В сумерках со стороны Новгорода приближалась какая-то машина с прицепом.
«Командир якши пошутил — встречай кухня на музыка. Будет много почет повару. И кто будет играть? Я больше понимаю шашлык. А в подвал сколько баран, ай-ай! Но как же остановить кухню? Если самому выйти на дорогу, то могут убежать фрицы. Идти вместе с ними, — заберут или пробьют пулями блестящие никелированные трубы», — подумал Юсупов.
— Ай! Раз командир приказал, мой юрта на краю, ешь последняя шашлык, только не подавись, — вслух пробормотал он и строго приказал пленным, показывая на лежавшие трубы:
— Айда ду-ду песня «гоп со смаком»!
Гитлеровцы не понимали, что от них требуется, тупо смотрели на автоматчика. Юсупов изменил приказ:
— Айда ду-ду «Катюша», тогда никс пу-пу.
Попытался сам спеть куплет, На этот раз один из немцев догадался, что русский автоматчик приказывает играть «Катюшу», тогда расстреливать не будет. Пленные быстро напялили на шею трубы и заиграли. Оказалось, что они были из музыкальной команды и знали мотив «Катюши».
Почти совсем стемнело. Белоснежная территория поселка от разрывов и обильно пролитой крови стала черно-багряной. Юсупов вывел оркестрантов на дорогу вовремя: из-за строения показалась ожидаемая им кухня. Но что такое?
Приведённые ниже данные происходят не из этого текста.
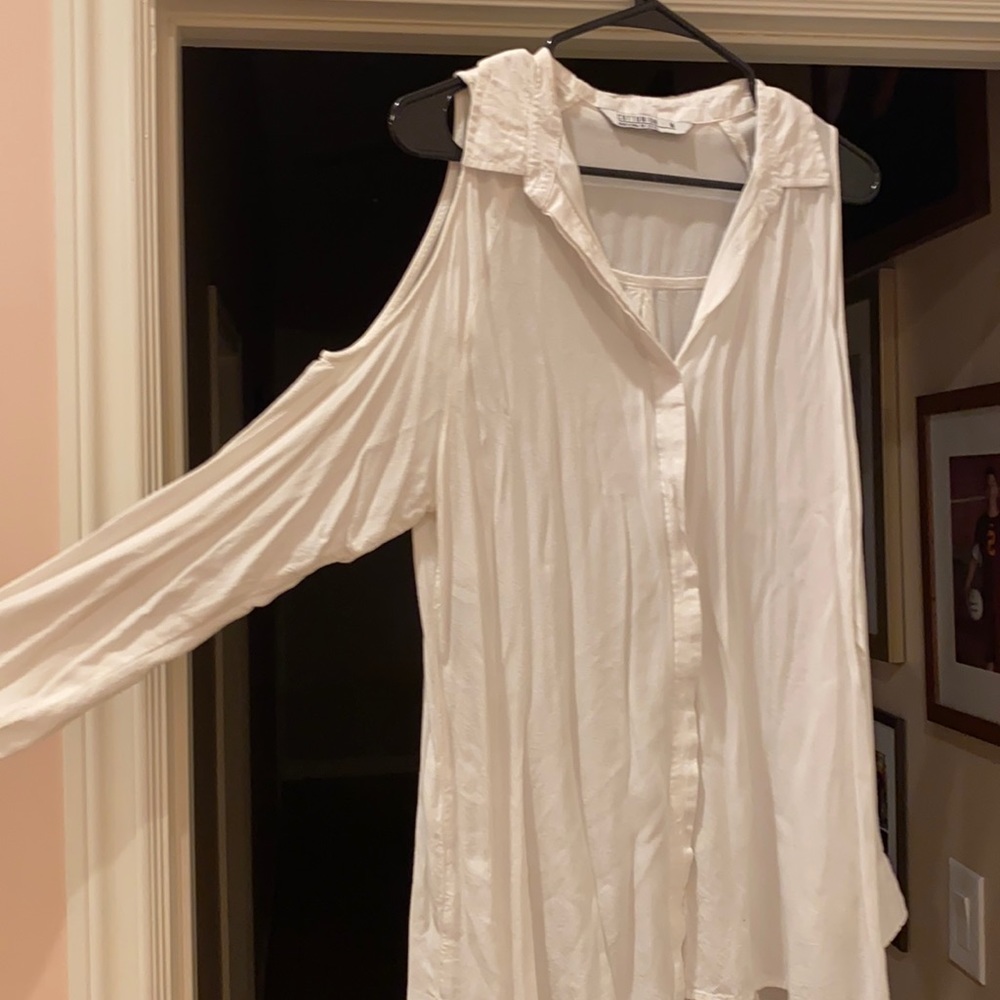 Open shoulder button up, size M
Возле него остановился танк комбрига Шнейдера с прицепленной к нему трофейной немецкой зенитно-автоматической тушкой «Эрликон». Пленные музыканты, увидав танк, налегли на свои трубы, что есть духу.
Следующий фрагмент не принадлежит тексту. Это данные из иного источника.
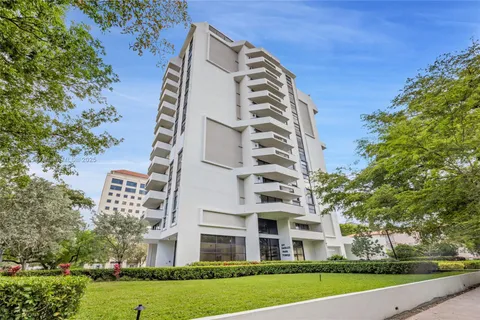 911 E Ponce De Leon Blvd # 1402, Coral Gables FL 33134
Юсупов, получивший позже нагоняй от начальства, старался никому не рассказывать о своей ошибке. Но шила в мешке не утаишь.
Поздно вечером бригада сделала остановку в нескольких километрах от города. Надо было уточнить обстановку, пополниться боеприпасами, горючим и подтянуть тылы. В направлении Сутоки — Богданово была выслана подвижная разведывательная группа под командованием начальника разведки бригады капитана С. М. Урсова.
Пробираясь по лесам и болотам, разведчики по глубокому снегу в морозную ночь прошли десять с лишним километров и на рассвете осторожно подошли к Сутокам.
— А ну, останови машину! — махнув рукой механику-водителю, спокойно проговорил Урсов и спрыгнул с борта легкого танка. Тут же к нему подбежали командир роты автоматчиков Гребцов, взводные Крылов, Когут, Железнов и Манчинов, командир роты противотанковых ружей Иванченко с командиром взвода Ильиным.